Eso nos lleva a decir que hay de bigotes a bigotes: el campesino de Emiliano Zapata frente al aristocrático de don Porfirio y de Carranza, aunque hayan sido enemigos. Diría que el de García Márquez, y creo que el dicho le gustaría, no es de escritor sino de periodista. No es atildado sino casual y en su caso suele ser acompañado de una sonrisa abierta. Como la de la foto de portada del libro, extrañamente virada al rojo, como si estuviéramos en un cuarto oscuro, de ésos en que antes se revelaban fotografías y hoy ya casi desparecidos. Desde hace algunas décadas, diría que hacia los ochenta del siglo pasado, empezó a ejercerse en español algo que se ha llamado crítica genética, que seguía el desarrollo de obras y autores a través de borradores, manuscritos, inéditos, correspondencia y cuadernos de apuntes. Luego, de manera natural, esos materiales adquieren una cualidad plástica: no sólo se leen, también se miran como creaciones, creaciones dubitativas, que en su condición de work in progress nos hablan del carácter de la escritura y del escritor. Para los muchos aficionados a la literatura del colombiano esta iconografía reunida en el libro es una verdadera delicia. Recortes de periódico, portadas de revista de la época, fotos que nos hablan de su peregrinar de Colombia a Europa –París, Barcelona– y de regreso a América, a México, donde vivió la mitad de su vida. Entre el material documental está el mecanuscrito de Cien años de soledad con correcciones. En un tiempo se decía que García Márquez era tan cuidadoso del texto que, si sacaba la hoja del rodillo, volvía a empezar.
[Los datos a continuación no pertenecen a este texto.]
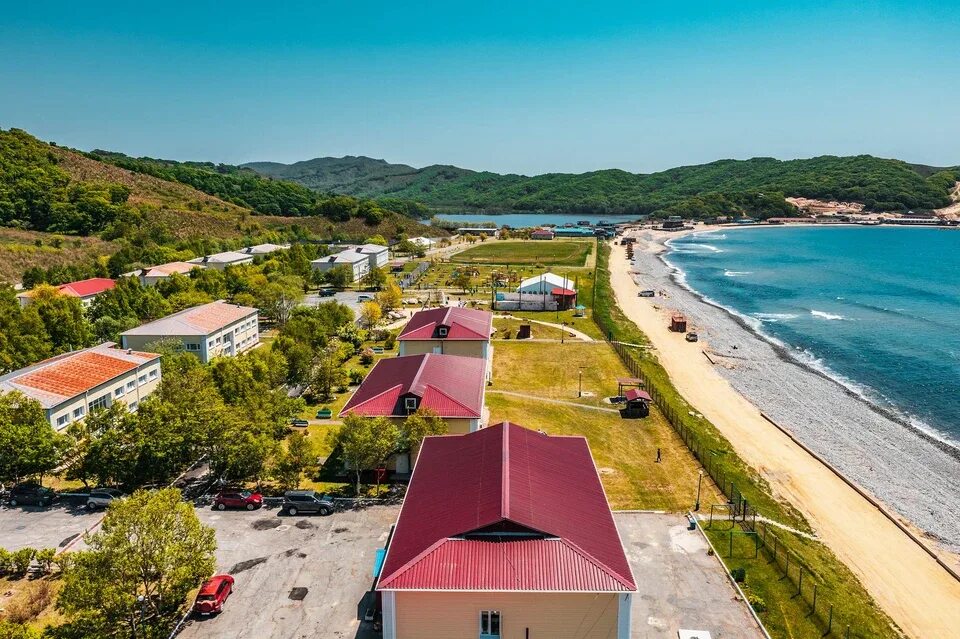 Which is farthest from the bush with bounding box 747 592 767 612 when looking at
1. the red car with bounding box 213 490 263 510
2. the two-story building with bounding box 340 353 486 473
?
the red car with bounding box 213 490 263 510

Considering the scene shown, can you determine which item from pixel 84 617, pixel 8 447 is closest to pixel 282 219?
pixel 8 447

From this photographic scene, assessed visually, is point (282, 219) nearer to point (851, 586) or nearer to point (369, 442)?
point (369, 442)

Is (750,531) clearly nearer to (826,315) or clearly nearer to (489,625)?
(489,625)

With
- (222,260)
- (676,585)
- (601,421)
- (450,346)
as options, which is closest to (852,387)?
(601,421)

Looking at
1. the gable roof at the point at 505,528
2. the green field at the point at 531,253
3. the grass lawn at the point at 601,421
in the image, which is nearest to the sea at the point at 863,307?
the grass lawn at the point at 601,421

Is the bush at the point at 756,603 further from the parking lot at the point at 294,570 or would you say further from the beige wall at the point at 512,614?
the parking lot at the point at 294,570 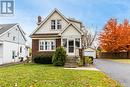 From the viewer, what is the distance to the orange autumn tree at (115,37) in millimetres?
67250

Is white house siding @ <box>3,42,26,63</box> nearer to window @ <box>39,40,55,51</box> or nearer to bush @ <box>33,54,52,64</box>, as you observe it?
window @ <box>39,40,55,51</box>

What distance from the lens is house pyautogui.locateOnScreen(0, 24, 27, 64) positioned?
46.2 metres

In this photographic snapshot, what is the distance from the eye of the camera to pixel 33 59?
38.4m

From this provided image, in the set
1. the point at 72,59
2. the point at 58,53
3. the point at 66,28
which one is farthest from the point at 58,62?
the point at 66,28

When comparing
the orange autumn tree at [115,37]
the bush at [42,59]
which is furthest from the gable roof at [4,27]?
the orange autumn tree at [115,37]

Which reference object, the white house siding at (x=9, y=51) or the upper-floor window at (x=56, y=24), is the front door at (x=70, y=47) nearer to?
the upper-floor window at (x=56, y=24)

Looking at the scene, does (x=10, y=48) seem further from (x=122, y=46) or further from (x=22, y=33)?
(x=122, y=46)

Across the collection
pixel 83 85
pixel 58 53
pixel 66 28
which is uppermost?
pixel 66 28

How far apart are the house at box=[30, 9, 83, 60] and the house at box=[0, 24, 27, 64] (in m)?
8.88

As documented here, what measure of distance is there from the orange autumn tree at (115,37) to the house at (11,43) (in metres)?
21.5

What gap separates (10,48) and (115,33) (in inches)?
1164

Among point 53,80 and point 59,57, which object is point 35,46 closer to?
point 59,57

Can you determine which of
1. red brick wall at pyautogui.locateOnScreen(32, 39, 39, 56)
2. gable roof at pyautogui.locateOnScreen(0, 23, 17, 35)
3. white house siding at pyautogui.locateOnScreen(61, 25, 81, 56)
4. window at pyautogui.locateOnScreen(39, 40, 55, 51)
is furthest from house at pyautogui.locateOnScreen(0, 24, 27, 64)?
white house siding at pyautogui.locateOnScreen(61, 25, 81, 56)

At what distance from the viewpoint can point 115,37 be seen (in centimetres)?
6756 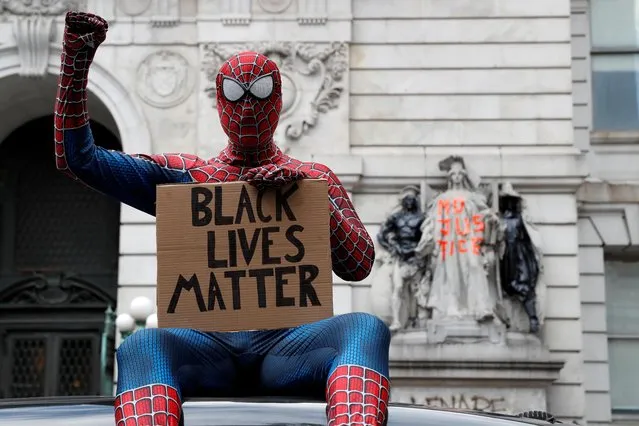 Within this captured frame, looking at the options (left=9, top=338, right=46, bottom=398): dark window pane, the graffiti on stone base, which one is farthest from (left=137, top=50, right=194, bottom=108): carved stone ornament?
the graffiti on stone base

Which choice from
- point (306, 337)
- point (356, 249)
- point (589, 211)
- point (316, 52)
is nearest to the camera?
point (306, 337)

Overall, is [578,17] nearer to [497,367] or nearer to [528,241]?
[528,241]

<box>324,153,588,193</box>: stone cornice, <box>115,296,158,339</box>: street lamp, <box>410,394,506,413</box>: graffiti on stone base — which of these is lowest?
<box>410,394,506,413</box>: graffiti on stone base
Hasta las sucesivas y variadas portadas de sus libros nos cuentan una historia: el diseño gráfico también narra una historia, cuenta una novela. Sin duda, hay fetichismo en estos libros: les concedemos una condición mágica a esos elementos del recuerdo, a esas magdalenas proustianas de la vida común. Y por eso también la importancia de los lugares –la casa donde la escribió hoy convertida en un centro cultural con abundante oferta de cursos y conferencias digitales– o de los instrumentos. Por ejemplo, las máquinas de escribir. También ellas, como los bigotes, pueden ser elementos para una taxonomía literaria. Pero, bueno, concluyo: dicen las leyendas caseras que cuando uno muere le siguen creciendo las uñas y el pelo. Estas conmemoraciones de la entrega del Nobel son una prueba: a García Márquez le siguen creciendo los bigotes.